DIRECTIONS: Every line below from the one with "Oticon Genie 2" through the one with "Functions help break" is to be repeated exactly, with no picture among them.

(Records from a data source)
-- Opening Marker --

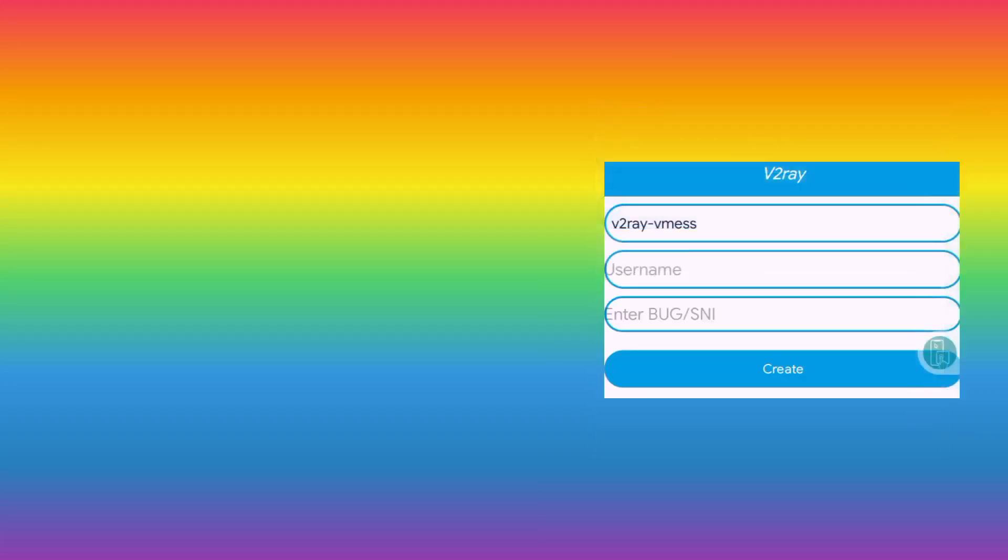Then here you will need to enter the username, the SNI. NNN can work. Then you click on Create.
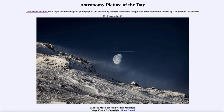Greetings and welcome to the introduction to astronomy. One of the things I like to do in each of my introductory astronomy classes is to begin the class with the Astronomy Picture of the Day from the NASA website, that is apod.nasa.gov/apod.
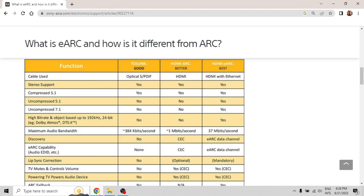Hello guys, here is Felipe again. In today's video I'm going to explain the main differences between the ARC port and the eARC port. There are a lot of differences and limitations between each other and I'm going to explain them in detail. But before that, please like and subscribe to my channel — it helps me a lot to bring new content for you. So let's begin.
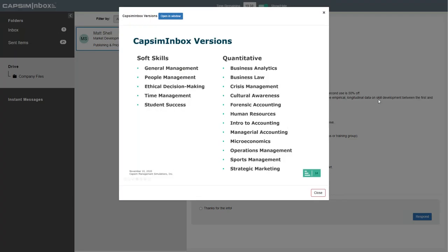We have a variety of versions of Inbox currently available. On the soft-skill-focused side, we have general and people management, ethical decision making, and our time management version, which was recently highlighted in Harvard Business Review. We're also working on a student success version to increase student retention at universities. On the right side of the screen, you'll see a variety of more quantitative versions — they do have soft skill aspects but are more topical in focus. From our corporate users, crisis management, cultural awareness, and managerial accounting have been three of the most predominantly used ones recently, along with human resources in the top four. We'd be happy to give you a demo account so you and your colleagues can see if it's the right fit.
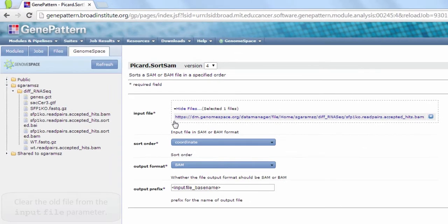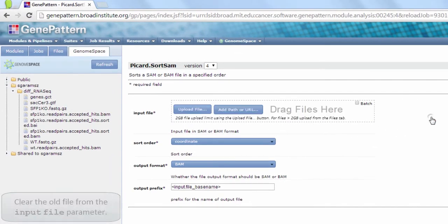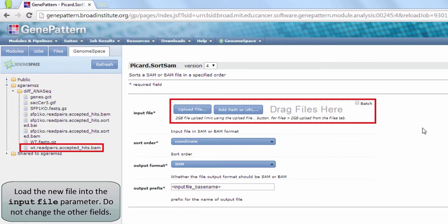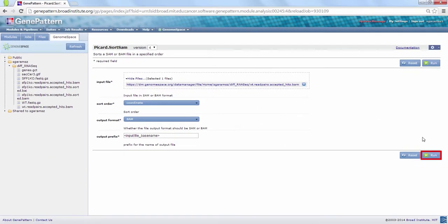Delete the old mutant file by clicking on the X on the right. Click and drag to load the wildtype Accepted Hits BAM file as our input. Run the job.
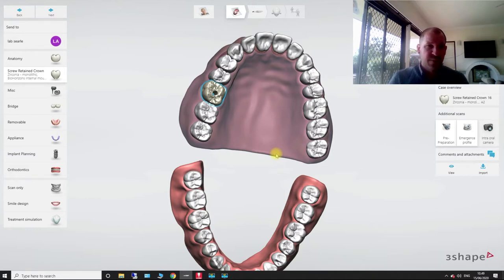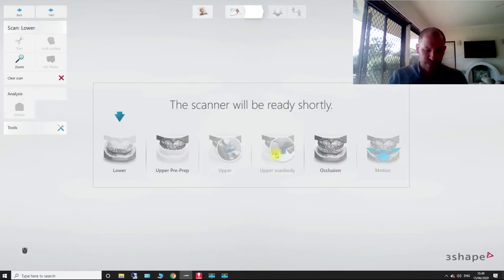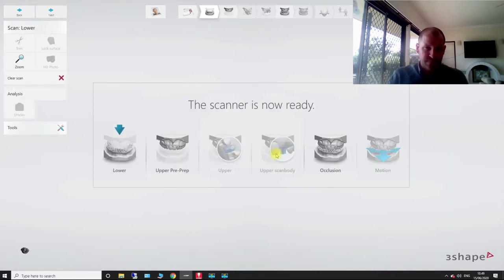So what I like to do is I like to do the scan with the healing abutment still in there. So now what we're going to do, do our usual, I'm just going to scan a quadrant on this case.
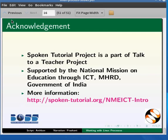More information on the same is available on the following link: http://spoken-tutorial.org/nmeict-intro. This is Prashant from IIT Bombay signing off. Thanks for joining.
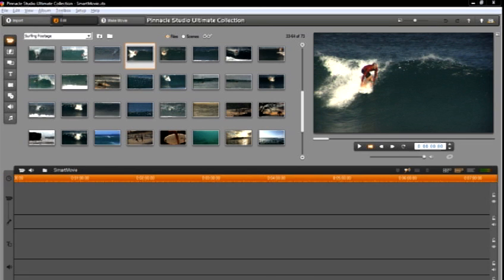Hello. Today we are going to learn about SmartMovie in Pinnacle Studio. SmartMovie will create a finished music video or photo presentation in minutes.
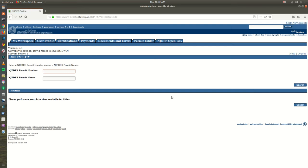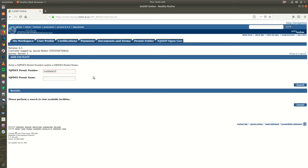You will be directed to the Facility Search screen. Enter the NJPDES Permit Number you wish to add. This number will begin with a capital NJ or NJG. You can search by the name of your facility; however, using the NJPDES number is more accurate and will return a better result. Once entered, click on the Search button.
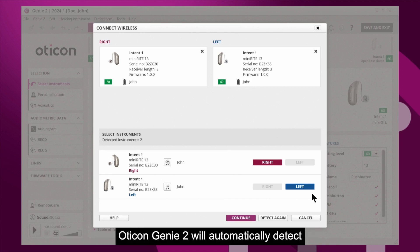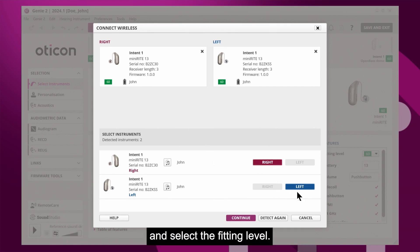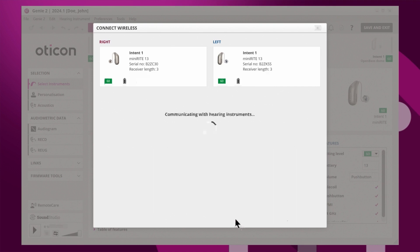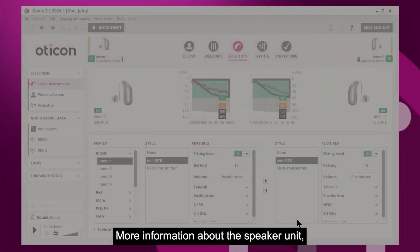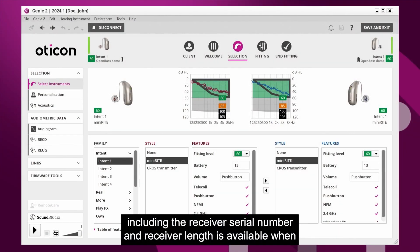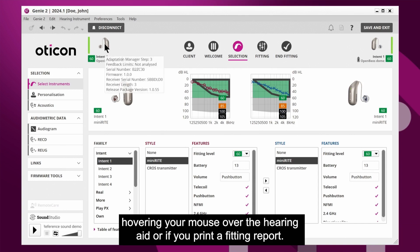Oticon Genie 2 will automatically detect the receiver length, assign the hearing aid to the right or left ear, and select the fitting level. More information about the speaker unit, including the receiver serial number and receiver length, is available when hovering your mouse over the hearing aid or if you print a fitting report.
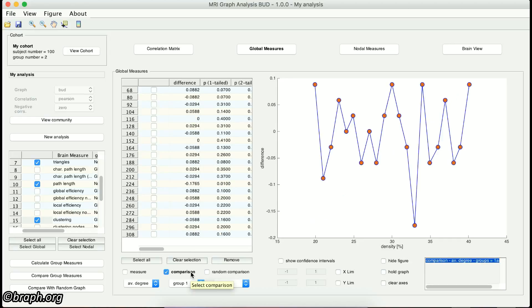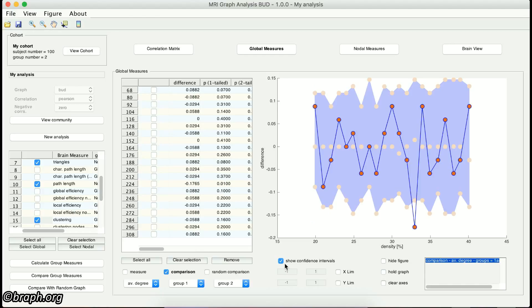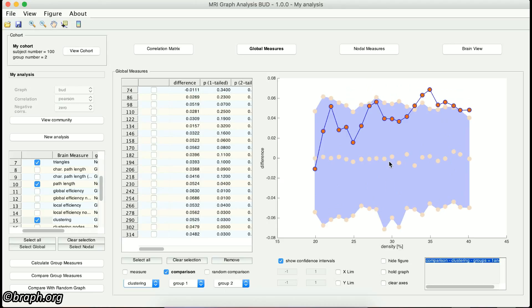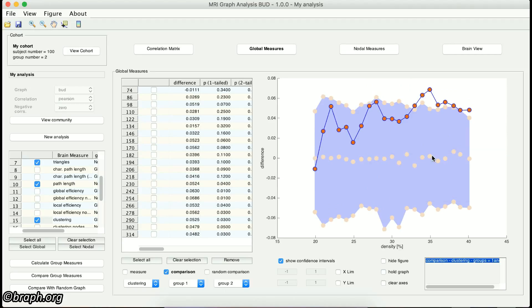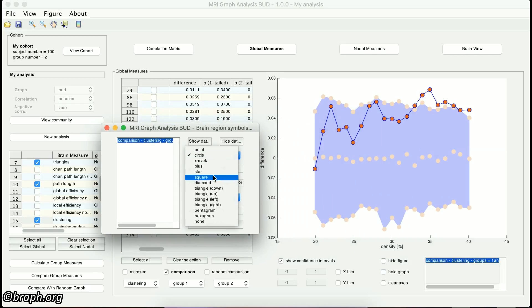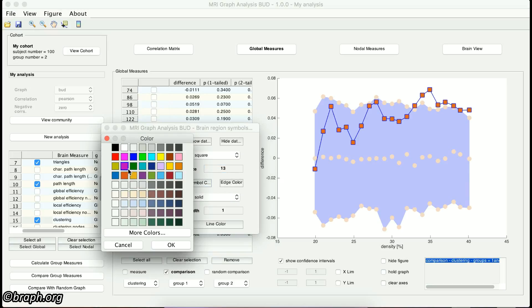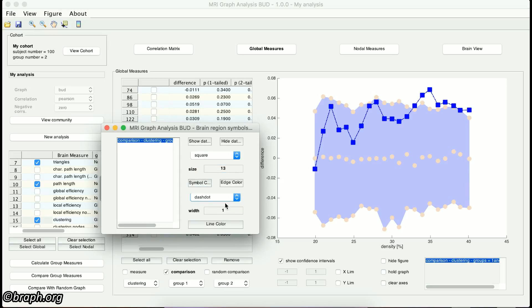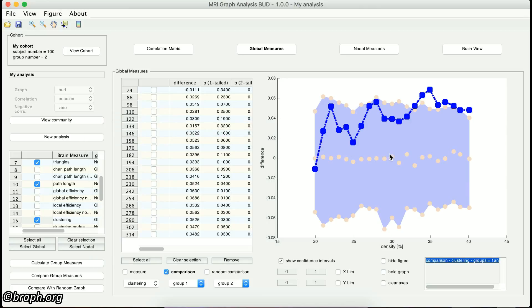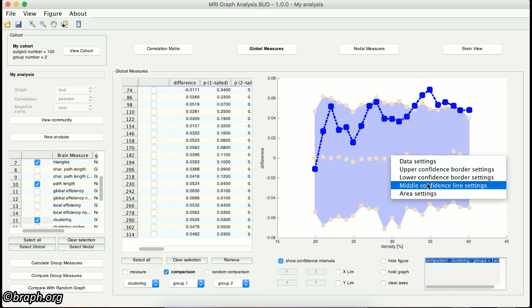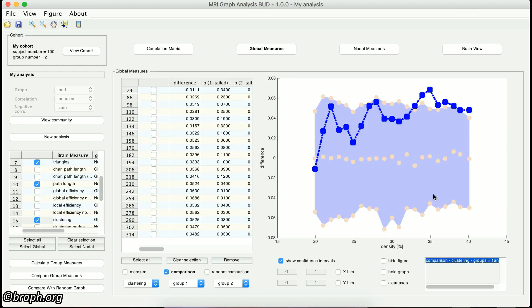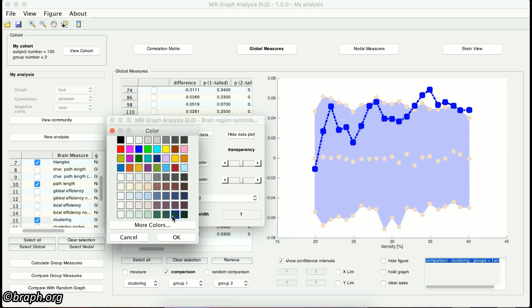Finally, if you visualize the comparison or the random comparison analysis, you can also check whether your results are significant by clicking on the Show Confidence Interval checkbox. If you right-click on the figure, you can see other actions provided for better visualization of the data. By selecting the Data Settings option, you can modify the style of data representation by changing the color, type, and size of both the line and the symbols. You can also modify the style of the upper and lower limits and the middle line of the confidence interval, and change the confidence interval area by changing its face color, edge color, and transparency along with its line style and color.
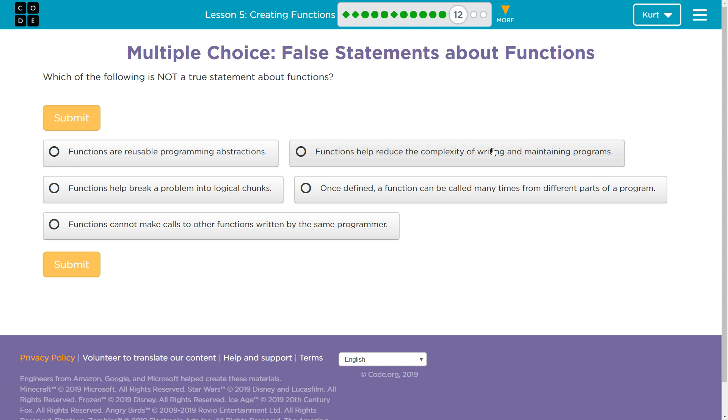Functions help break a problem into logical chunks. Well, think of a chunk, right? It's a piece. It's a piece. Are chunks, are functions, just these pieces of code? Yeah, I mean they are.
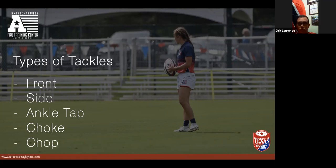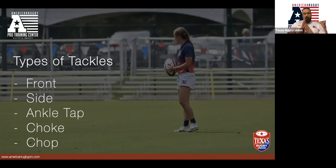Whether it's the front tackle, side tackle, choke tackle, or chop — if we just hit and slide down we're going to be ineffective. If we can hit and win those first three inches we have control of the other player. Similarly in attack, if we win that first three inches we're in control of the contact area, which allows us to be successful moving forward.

-- Closing Marker --

EXERCISE OUTPUT:
Oticon Genie 2 will automatically detect the receiver length, assign the hearing aid to the right or left ear, and select the fitting level. More information about the speaker unit, including the receiver serial number and receiver length, is available when hovering your mouse over the hearing aid or if you print a fitting report.
Finally, if you visualize the comparison or the random comparison analysis, you can also check whether your results are significant by clicking on the Show Confidence Interval checkbox. If you right-click on the figure, you can see other actions provided for better visualization of the data. By selecting the Data Settings option, you can modify the style of data representation by changing the color, type, and size of both the line and the symbols. You can also modify the style of the upper and lower limits and the middle line of the confidence interval, and change the confidence interval area by changing its face color, edge color, and transparency along with its line style and color.
Functions help break a problem into logical chunks. Well, think of a chunk, right? It's a piece. It's a piece. Are chunks, are functions, just these pieces of code? Yeah, I mean they are.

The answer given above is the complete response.